This is a static archive of our old Q&A Site. Please post any new questions and answers at ask.wireshark.org.

How to dissect UTF8 string and bits with a custom dissector

0

I am trying to write a customized dissector as a plugin on windows platform.
I am doing this on version 2.1.1-git, win32.

Q1
I have a string which has 320 length, Unicode UTF-16LE encoded. I am trying to do the following parsing but the result is I can only get the first char on the front end display.
For example, I received a string "Hello Lee", after I do my parsing, I can only see "H" in the front end.
I have the following related code.

void
proto_register_foo(void)
{
    //...
    static hf_register_int hf[] = {
        { &hf_foo_message, { "Message", "foo.message", FT_STRING, STR_UNICODE, NULL, 0x0, NULL, HFILL } }
    };
    //...
}

static int dissect_foo(tvbuff_t *tvb, packet_info *pinfo, proto_tree *tree U, void *data U) { //… proto_tree_add_item(foo_tree, hf_foo_message, tvb, 0, 320, ENC_LITTLE_ENDIAN); //… }

I also tried to get the string from tvb first like this:

GByteArray temp_str;
temp_str.data = malloc(320);
temp_str.len = 320;
tvb_get_string_bytes(tvb, *offset, 320, STR_UNICODE, &temp_str, endoff)
calfreeloc(temp_str.data);
temp_str.len = 0;

but I am not sure how to set the variable endoff

Q2
I have a byte that include three variables.
bit 1-2 is value_a
bit 3-6 is value_b
bit 7-8 is value_c

I am trying to do put them into static hf_register_info hf[], but then I found nothing similar to FT_BITS, what should I do?

asked 07 Jul '16, 20:32

SulfredLee's gravatar image

SulfredLee
26448
accept rate: 0%


One Answer:

3

Separate questions should be asked separately, but:

Q1

Unicode UTF-16LE encoded

...

proto_tree_add_item(foo_tree, hf_foo_message, tvb, 0, 320, ENC_LITTLE_ENDIAN);

You need to specify the full encoding, not just the byte order. for string values. In this case, it's ENC_UTF_16|ENC_LITTLE_ENDIAN, so

 proto_tree_add_item(foo_tree, hf_foo_message, tvb, 0, 320, ENC_UTF_16|ENC_LITTLE_ENDIAN);

I also tried to get the string from tvb first like this:

Try it like this:

string = tvb_get_string_enc(NULL, tvb, *offset, 320, ENC_UTF_16|ENC_LITTLE_ENDIAN);

That will return a UTF-8 string that must be freed with g_free().
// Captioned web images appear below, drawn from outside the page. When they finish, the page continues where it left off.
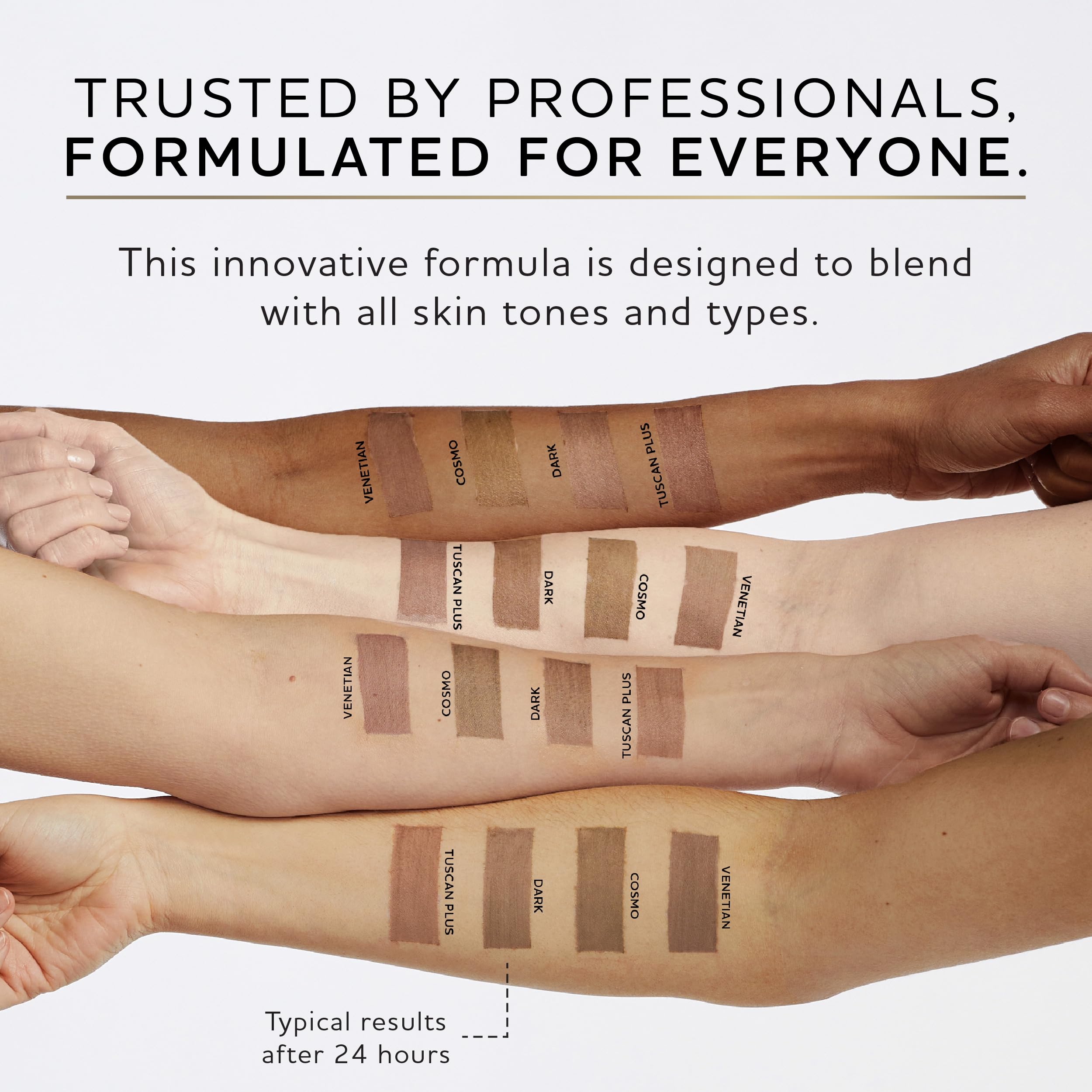 Norvell spray application on model skin illustrating fast-drying, streak-free finish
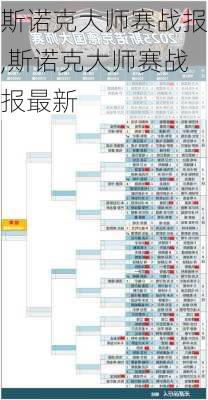 斯诺克大师赛战报,斯诺克大师赛战报最新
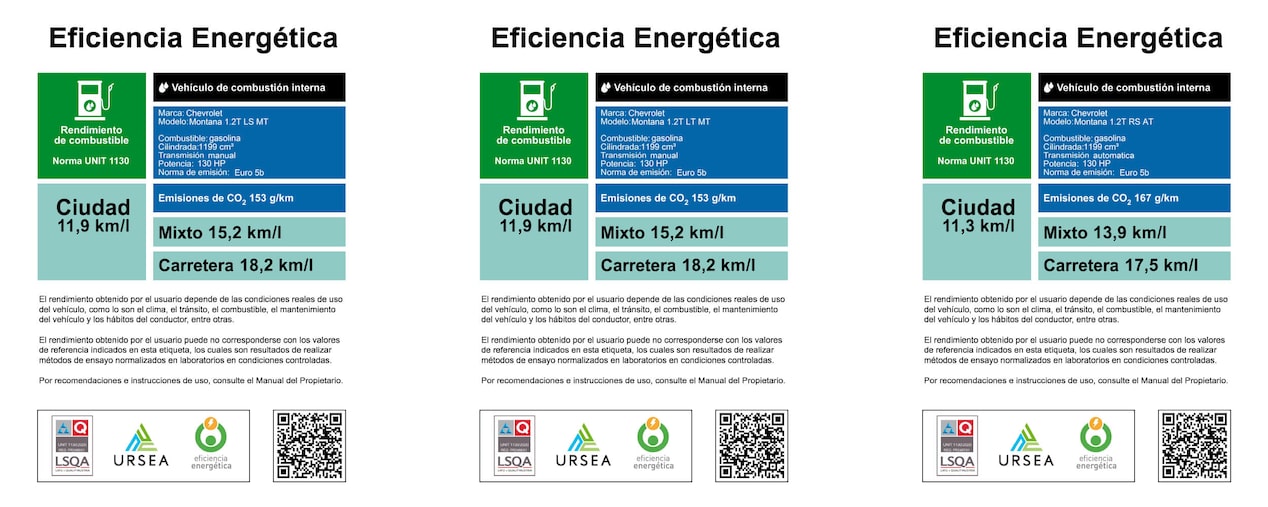 Eficiencia energética de Montana 1.2T RS AT, Montana 1.2T PREMIER MT y Montana 1.2T Premier AT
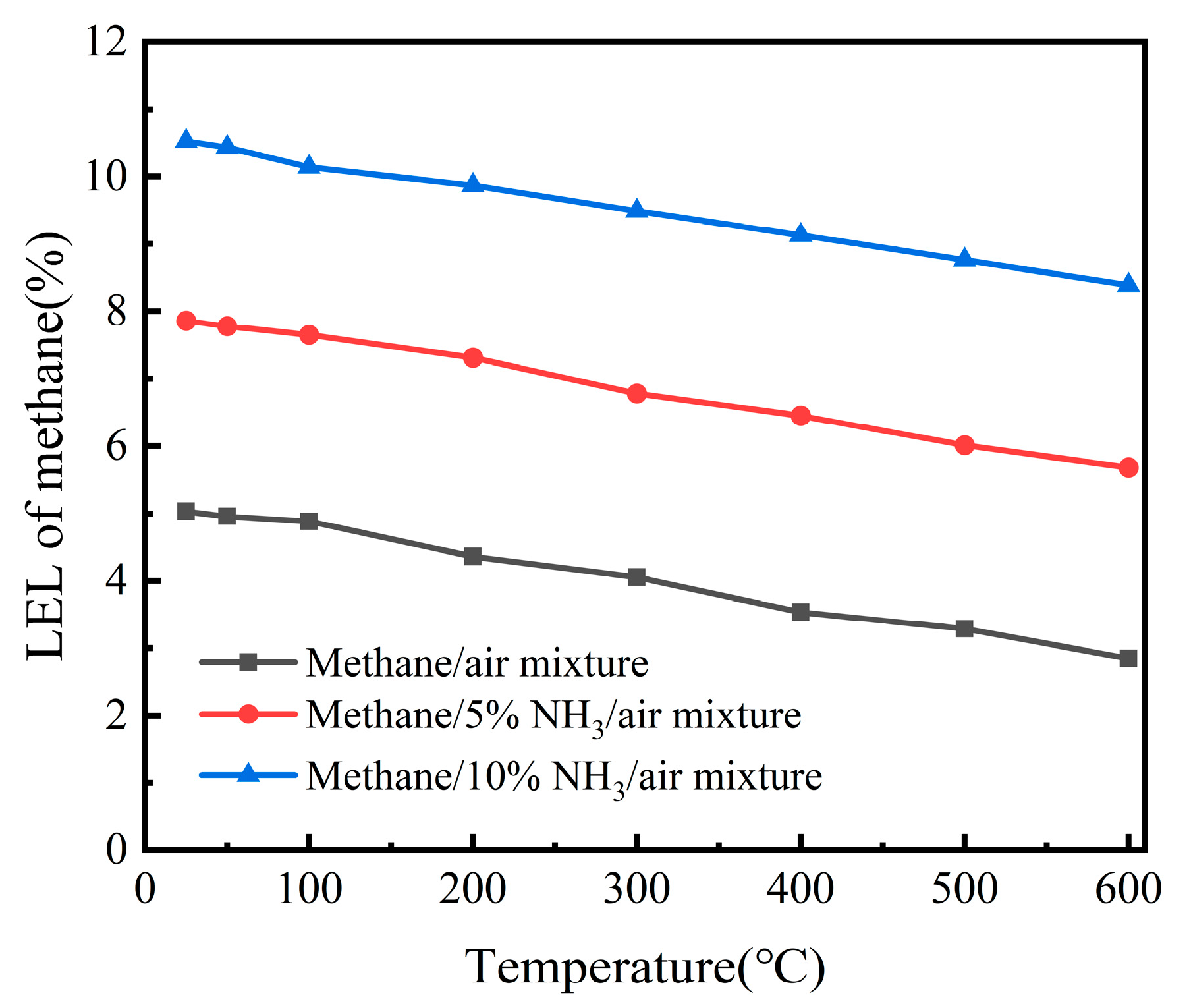 Processes 13 01608 g005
If you want the raw bytes of the string, do

buffer = tvb_memdup(NULL, tvb, *offset, 320);

That will return an array of octets (not null-terminated) that must be freed with g_free().

Q2

what should I do?

Define three fields in the hf[] array, and set the bitmask fields of their definitions to be bit masks corresponding to the bits (I don't know whether you're numbering the bits from top to bottom, or from bottom to top, so I don't know what the right masks would be).

answered 07 Jul '16, 21:41

Guy%20Harris's gravatar image

Guy Harris ♦♦
17.4k335196
accept rate: 19%

Thank you I will try it @@"

(07 Jul '16, 22:25) SulfredLee